↓↓↓

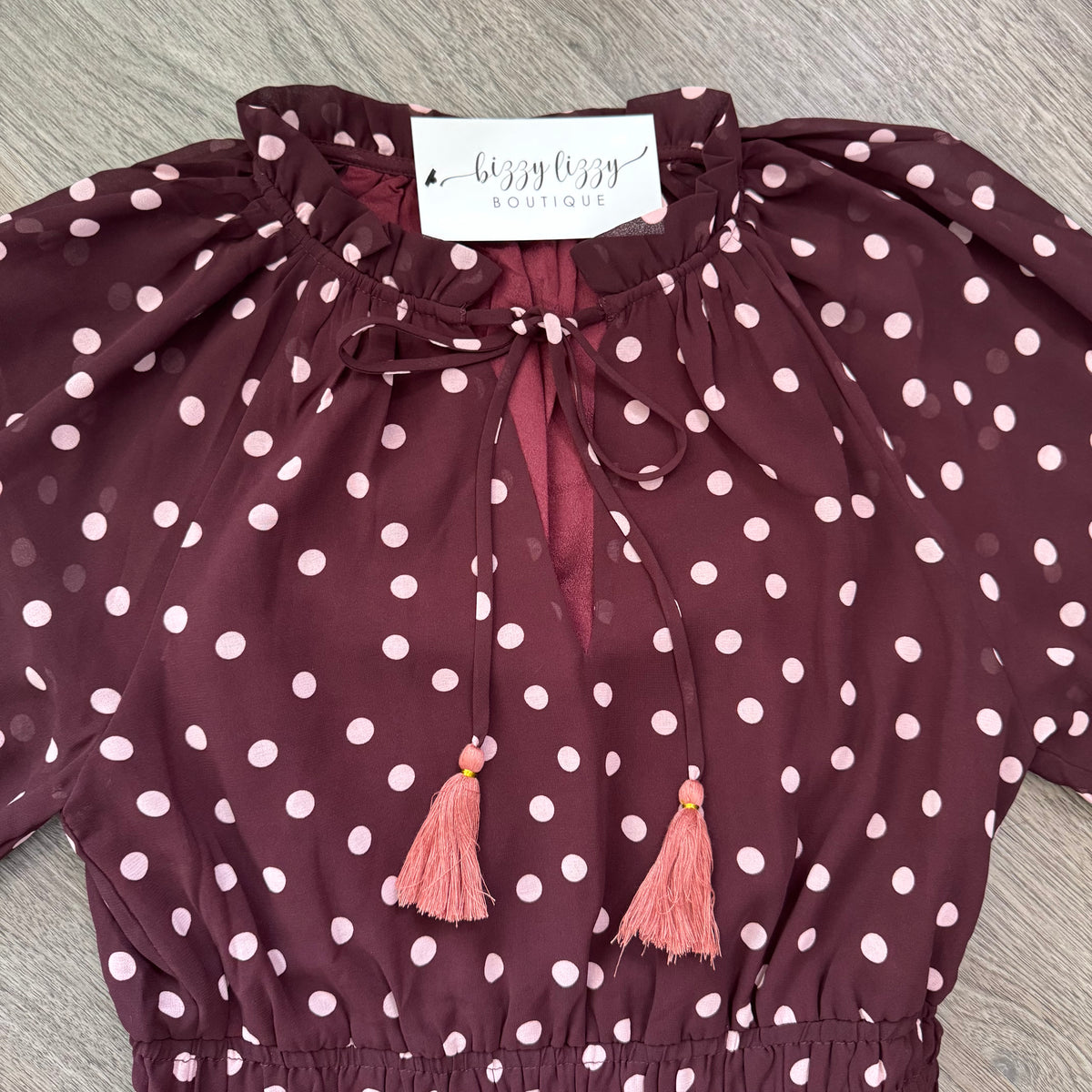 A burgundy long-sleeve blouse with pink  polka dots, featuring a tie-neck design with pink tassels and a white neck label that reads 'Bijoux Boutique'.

↑↑↑
↓↓↓

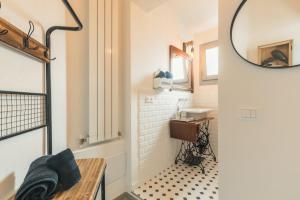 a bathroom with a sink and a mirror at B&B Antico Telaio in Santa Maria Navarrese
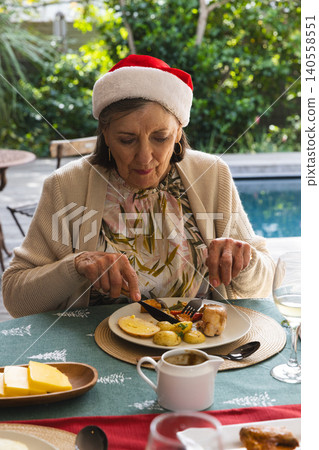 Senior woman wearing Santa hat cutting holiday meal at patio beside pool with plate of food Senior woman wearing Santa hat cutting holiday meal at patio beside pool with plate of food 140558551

↑↑↑

### ABOUT THIS TASK
Keep to the stretch from the line containing "a bathroom with" through the line containing "of food 140558551", both ends included, and copy it exactly from the listing above, minus the pictures.

### ANSWER BOX
 a bathroom with a sink and a mirror at B&B Antico Telaio in Santa Maria Navarrese
 Senior woman wearing Santa hat cutting holiday meal at patio beside pool with plate of food Senior woman wearing Santa hat cutting holiday meal at patio beside pool with plate of food 140558551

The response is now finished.